It should not have taken an independent panel to make NASA come to grips with runaway cost growth on the James Webb Space Telescope (JWST). But it wasn’t until Jet Propulsion Laboratory veteran John Casani and his team of reviewers — acting at the behest of U.S. Sen. Barbara Mikulski (D-Md.) — shined a light on the long-simmering problems dogging development of the flagship-class astronomy mission that NASA was forced to confront some tough choices ahead.
As chairman of the JWST Independent Comprehensive Review Panel, Casani warned last fall that the Hubble Space Telescope successor, whose official cost at the time was $4.5 billion, would need an additional $1.5 billion in the near term just to keep its launch from slipping much more than a year beyond its mid-2014 target date.
NASA, to its credit, quickly embraced some of the changes recommended in the report, installing new management for the program and moving it out of the Science Mission Directorate to give it more visibility.

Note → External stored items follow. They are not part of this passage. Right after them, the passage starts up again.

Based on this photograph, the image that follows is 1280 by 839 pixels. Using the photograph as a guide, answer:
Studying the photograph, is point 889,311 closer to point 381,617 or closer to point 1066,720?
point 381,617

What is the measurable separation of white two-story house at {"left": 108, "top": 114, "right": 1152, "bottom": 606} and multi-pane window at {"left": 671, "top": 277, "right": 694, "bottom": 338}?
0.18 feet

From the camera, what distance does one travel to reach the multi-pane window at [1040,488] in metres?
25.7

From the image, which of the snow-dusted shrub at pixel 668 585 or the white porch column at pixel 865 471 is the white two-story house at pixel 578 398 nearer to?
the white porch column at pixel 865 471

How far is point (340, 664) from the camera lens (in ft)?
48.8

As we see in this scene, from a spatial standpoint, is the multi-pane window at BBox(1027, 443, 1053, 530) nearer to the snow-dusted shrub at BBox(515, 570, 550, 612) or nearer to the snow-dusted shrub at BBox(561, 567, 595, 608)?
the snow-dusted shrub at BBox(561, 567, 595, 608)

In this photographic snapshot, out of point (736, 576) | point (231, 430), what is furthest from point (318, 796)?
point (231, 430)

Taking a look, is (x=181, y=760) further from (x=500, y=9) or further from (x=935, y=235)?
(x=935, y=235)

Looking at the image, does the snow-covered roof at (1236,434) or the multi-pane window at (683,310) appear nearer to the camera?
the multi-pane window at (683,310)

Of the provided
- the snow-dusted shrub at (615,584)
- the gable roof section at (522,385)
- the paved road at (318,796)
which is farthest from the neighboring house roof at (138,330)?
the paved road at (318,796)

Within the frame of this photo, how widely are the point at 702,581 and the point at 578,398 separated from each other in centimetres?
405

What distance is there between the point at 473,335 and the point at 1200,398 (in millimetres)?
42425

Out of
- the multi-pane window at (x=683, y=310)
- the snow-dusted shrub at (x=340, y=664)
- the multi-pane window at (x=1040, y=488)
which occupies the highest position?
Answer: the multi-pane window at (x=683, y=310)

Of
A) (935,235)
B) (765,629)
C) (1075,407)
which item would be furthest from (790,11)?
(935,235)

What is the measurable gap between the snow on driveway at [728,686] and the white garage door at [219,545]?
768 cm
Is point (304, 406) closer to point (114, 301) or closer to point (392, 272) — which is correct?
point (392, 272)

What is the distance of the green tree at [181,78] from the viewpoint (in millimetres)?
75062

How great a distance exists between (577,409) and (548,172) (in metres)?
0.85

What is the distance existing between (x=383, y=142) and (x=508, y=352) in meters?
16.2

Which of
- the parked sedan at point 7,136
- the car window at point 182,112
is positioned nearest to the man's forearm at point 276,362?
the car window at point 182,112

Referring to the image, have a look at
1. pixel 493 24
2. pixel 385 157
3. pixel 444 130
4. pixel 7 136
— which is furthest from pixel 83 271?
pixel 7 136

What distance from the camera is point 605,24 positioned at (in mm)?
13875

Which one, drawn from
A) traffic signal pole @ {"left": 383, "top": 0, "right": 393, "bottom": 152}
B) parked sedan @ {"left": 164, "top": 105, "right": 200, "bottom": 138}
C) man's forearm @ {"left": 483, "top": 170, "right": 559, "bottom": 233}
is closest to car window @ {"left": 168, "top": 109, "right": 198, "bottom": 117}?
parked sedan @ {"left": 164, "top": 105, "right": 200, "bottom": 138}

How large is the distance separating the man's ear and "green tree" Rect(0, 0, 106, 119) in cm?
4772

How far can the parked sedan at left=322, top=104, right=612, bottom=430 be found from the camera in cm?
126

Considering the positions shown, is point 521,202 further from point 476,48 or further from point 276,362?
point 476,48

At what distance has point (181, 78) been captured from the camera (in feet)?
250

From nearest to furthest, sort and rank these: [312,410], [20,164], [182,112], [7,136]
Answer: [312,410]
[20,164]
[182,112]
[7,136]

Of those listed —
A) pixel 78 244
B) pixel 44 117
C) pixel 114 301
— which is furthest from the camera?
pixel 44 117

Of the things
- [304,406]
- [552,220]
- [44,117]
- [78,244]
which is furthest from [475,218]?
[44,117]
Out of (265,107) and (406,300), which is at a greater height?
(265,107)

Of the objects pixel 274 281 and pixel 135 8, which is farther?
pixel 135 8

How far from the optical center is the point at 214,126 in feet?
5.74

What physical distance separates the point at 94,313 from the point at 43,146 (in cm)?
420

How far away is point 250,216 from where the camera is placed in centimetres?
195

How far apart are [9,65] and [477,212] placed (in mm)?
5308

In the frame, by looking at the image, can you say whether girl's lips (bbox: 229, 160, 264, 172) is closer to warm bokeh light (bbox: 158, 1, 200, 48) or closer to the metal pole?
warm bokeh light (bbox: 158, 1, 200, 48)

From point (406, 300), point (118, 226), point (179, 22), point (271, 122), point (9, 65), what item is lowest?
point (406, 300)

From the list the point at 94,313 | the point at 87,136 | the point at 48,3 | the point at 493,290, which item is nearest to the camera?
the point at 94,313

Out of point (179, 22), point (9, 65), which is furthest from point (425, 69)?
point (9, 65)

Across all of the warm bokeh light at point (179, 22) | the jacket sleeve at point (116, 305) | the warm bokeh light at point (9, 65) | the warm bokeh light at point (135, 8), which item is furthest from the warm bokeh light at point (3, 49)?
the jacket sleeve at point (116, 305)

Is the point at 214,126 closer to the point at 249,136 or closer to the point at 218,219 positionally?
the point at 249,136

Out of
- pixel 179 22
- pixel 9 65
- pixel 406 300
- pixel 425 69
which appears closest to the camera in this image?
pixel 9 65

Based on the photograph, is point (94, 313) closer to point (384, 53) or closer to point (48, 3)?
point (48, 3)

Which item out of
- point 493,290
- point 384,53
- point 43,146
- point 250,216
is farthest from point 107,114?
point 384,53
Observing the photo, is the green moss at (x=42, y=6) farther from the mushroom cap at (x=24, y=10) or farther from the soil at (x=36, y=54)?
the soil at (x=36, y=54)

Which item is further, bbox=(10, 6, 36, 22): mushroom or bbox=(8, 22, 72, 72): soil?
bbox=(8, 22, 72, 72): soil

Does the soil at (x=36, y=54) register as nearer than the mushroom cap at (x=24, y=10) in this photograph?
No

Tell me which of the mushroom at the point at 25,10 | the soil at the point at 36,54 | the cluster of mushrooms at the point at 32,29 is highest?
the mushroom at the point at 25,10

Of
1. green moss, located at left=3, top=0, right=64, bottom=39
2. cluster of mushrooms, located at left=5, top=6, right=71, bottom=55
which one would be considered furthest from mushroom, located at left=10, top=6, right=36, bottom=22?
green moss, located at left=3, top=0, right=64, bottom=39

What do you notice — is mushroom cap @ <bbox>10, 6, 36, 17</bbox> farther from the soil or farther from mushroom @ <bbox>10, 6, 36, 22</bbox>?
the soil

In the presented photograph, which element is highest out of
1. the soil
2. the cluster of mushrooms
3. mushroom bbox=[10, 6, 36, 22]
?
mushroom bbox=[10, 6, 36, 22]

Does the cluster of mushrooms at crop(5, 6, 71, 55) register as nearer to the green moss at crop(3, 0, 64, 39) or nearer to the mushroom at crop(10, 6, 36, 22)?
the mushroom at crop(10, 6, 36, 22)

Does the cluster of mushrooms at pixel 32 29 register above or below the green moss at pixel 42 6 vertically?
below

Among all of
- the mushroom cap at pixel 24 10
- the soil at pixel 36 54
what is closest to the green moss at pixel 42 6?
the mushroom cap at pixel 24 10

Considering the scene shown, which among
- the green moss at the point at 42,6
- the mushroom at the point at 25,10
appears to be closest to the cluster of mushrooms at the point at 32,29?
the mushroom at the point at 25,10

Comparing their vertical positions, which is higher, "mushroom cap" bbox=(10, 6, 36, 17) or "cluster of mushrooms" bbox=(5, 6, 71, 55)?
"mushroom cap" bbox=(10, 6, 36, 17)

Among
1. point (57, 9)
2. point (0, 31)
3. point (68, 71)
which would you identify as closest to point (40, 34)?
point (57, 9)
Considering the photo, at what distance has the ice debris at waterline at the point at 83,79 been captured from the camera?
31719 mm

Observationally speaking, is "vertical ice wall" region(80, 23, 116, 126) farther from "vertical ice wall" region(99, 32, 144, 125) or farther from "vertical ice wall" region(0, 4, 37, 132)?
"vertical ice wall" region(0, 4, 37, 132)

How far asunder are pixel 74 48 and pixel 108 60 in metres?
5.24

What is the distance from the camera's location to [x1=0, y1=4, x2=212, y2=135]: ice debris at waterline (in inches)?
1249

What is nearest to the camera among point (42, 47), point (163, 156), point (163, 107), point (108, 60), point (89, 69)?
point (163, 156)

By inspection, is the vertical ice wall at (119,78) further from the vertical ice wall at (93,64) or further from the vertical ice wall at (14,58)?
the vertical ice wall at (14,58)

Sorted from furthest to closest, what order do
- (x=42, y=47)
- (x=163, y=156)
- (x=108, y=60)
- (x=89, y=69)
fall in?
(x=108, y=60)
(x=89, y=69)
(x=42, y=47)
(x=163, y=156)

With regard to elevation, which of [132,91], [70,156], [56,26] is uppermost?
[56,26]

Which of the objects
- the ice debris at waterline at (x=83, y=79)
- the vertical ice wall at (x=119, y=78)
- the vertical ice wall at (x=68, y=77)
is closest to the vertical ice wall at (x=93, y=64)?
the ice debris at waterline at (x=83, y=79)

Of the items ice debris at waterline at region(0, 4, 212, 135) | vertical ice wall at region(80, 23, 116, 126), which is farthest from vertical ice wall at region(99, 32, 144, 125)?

But JWST has yet to receive the cash infusion called for in the Casani report, resulting in further slippage of its launch date and more cost growth. NASA now estimates that JWST will cost an eye-popping $8.7 billion when all is said and done and won’t be ready to launch until late 2018. To put that in perspective, the 2001 decadal survey for astronomy and astrophysics that first endorsed JWST — then known simply as the Next Generation Space Telescope — put a $1 billion price tag on the mission as it assumed a 2010 launch.
There are no easy answers when it comes to what to do about Webb. But Casani deserves credit for forcing NASA and the broader space community to finally come to terms with the conundrum.